In September, Texas gained 800 jobs at a 0.1 percent annual rate. Employment was largely flat because local education lost 16,100 jobs due to state budget cuts. Meanwhile, the private sector gained 24,000 jobs at a 3.3 percent annual rate. The unemployment rate remained unchanged at 8.5 percent.
Over the first nine months of 2011, total nonfarm jobs have grown at a modest 2.1 percent annual rate (Chart 1). The oil and gas extraction and mining support sector outperformed other sectors, with 17.6 percent annual growth in employment. Professional and business services grew at a 5.7 percent annual rate, and trade, transportation and utilities grew at a 2.8 percent annual rate. Sectors that have lost jobs this year include government and information.
Jobs growth in manufacturing decelerated in the third quarter, with weaknesses in durables, high-tech and chemicals. Dallas Fed Beige Book contacts also noted a slowdown in the high-tech sector due to global demand weakness. The Texas Manufacturing Outlook Survey’s production index remained positive in October at 4.1, but edged down from 5.9 in September, suggesting slightly slower but positive growth.
Construction and Housing
While construction employment growth remains relatively flat, residential construction is showing signs of improvement. Residential contract values jumped 10.7 percent in September (Chart 2). Single-family housing permits increased 2.6 percent in September and 11.8 percent in August after falling for three months. Multifamily permits have been on the rise since first quarter 2010, fueled by robust demand for apartment rentals.

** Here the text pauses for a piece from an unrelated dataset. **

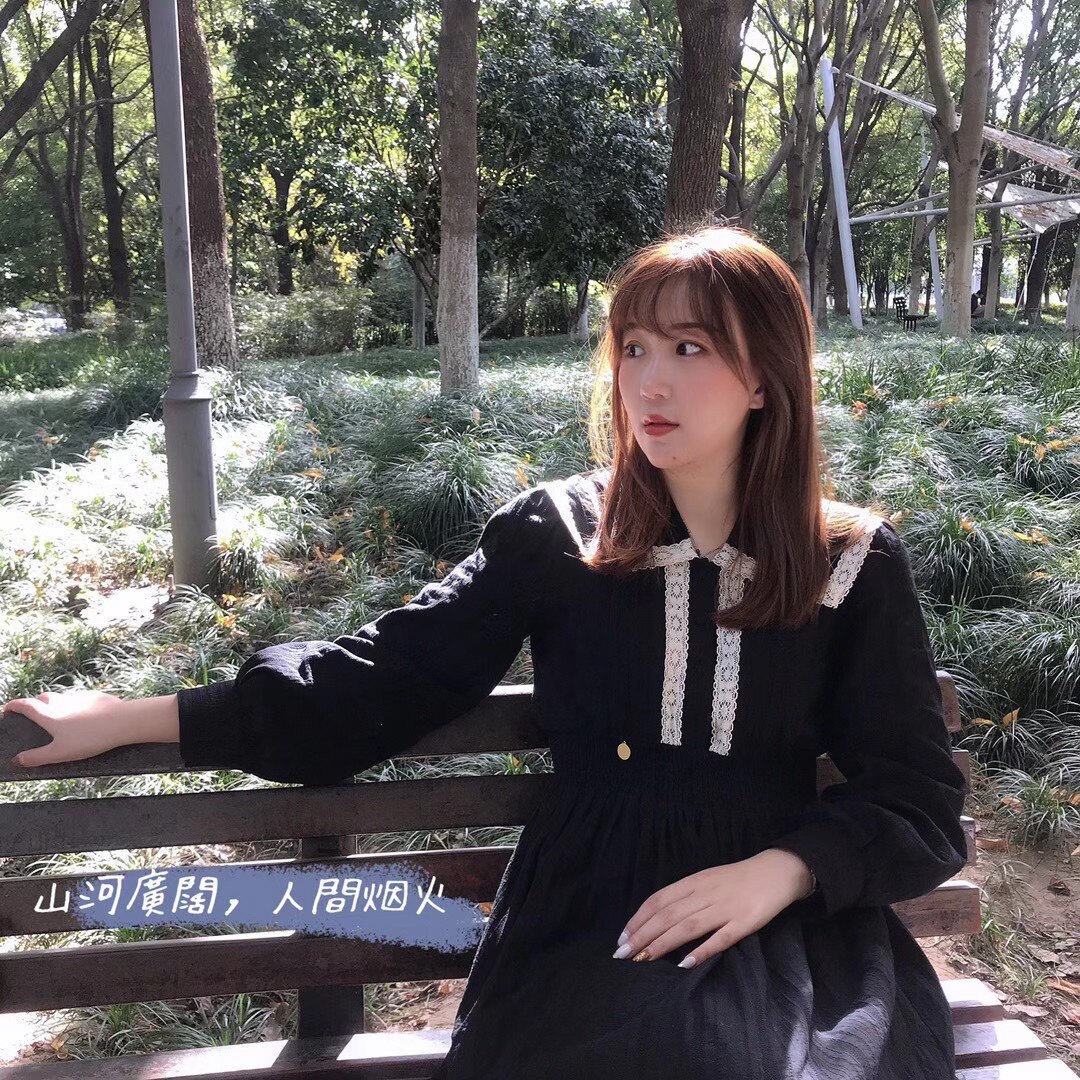 纯甜甜私服店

Existing-home sales continue to trend upward, although home sales declined 2.1 percent in September after three months of increase. Home inventories remain unchanged at 7.1 months of supply. The S&P/Case–Shiller home price index for Dallas ticked up in August but is still down 1.9 percent from August 2010.
Commercial Real Estate
Commercial real estate has come a long way since prices bottomed out in late 2009. Since that time, office property prices have risen and capitalization rates for office properties—the required rate of return that investors use to price commercial properties—have come down in Dallas and Houston, in line with national trends (Chart 3). Second-quarter data on industrial availability and apartment vacancies indicate that conditions are much improved since last year. Despite an improvement in commercial real estate conditions across most major segments, overall market sentiment still remains cautious due to uncertainty regarding Europe and the national economy.
Dallas Fed Beige Book contacts report that energy activity continues to be strong in Texas. Even with the recent softening in oil prices, the rig count has soared to a new post-recession high (Chart 4).
Texas exports ticked up in July and August after declining in May and June (Chart 5). Exports are up by less than 1 percent (non-annualized) year to date. Continued export growth faces headwinds from two sources: a slowdown in Mexico and a stronger dollar.
The Beige Book reports that retail sales continued to grow in September although at a slightly slower pace than in August. The Dallas Fed’s Texas Retail Outlook Survey indicates that retail sales grew at a slower pace in October compared with September.
Helped by a recent drop in commodity prices, price pressures appear to have moderated. According to the Beige Book, there were some reports of an uptick in food, apparel and jewelry prices, but overall price pressures remained insignificant.
The outlook for the Texas economy is mixed. The Texas Leading Index fell in September for the fourth month in a row. However, the six-months-ahead index for all three Dallas Fed Texas Business Outlook Surveys remains positive, pointing to continued growth.